Mereka, selain membawa cita-cita individual, tetap tidak akan melupakan cita-cita kebangsaan Indonesia, menegakkan “merah ptuih” dan menerbangkan “garuda” setinggi mungkin.
Maka, dalam Garuda di Dadaku, neoliberalisme adalah sebuah praktik diskursif yang tidak harus ditakuti ataupun dimusuhi karena realitasnya, keluarga, masyarakat, bangsa, dan negara akan merasakan keuntungan ketika setiap individu diberi kebebasan untuk mengembangan diri dan mewujudkan cita-citanya.
Simpulan
Ketika neoliberalisme dengan segala formasi diskursifnya dalam praktik kepemerintahan dan kehidupan sehari-hari masyarakat, kajian pascakolonial perlu memberikan penekanan lebih kritis kepada struktur naratif sastra.
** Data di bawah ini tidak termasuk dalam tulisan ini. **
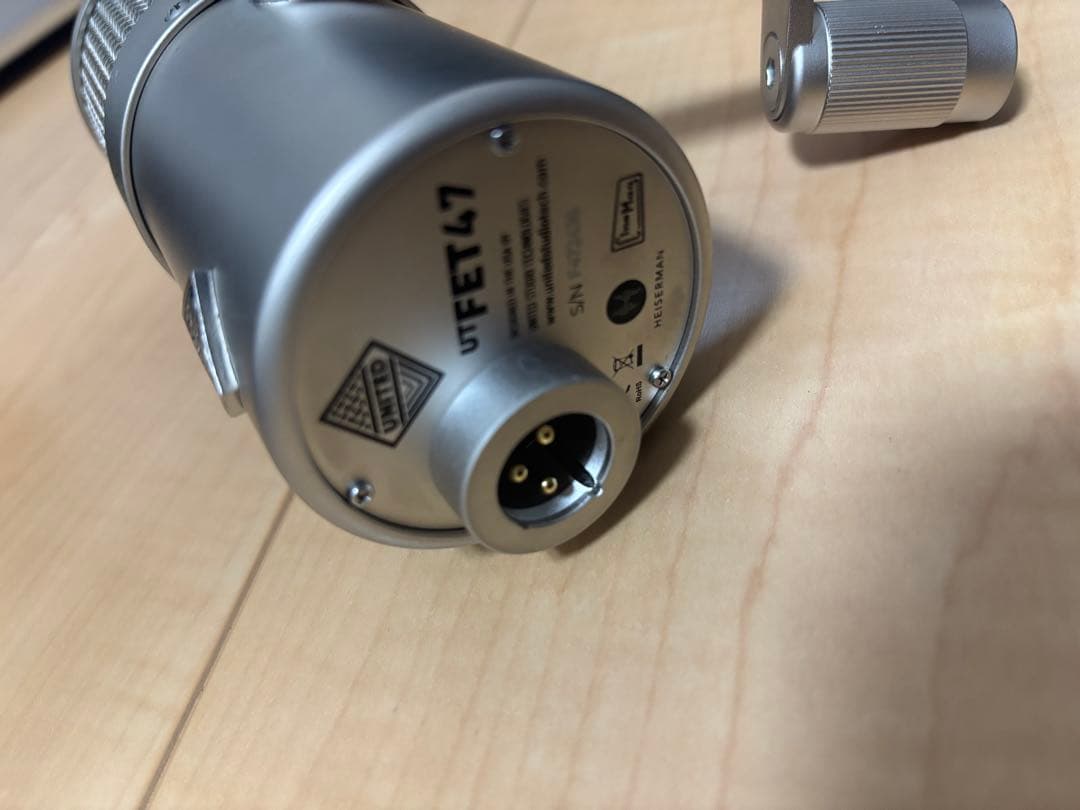 UT FET47 〈本体のみ〉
Kajian pascakolonial dengan konsep hibriditas dan subjektivitas cairnya, sudah semestinya memasukkan pertimbangan ekonomi-politik karena formasi sosial-budaya yang menjadi latar bagi lahirnya karya sastra tidak bisa dilepaskan dari realitas bahwa neoliberalisme telah menjadi hegemoni baru, menggantikan hegemoni negara dalam banyak hal.
Analisis, seperti sudah saya contohkan secara sederhana, tidak bisa lagi memosisikan sang Barat sebagai kategori geopolitik, tetapi bagaimana memosisikannya sebagai sebuah formasi diskursif yang mewujud dalam bentuk wacana-wacana tentang kebebasan individual dalam mekanisme pasar dan budaya korporasi.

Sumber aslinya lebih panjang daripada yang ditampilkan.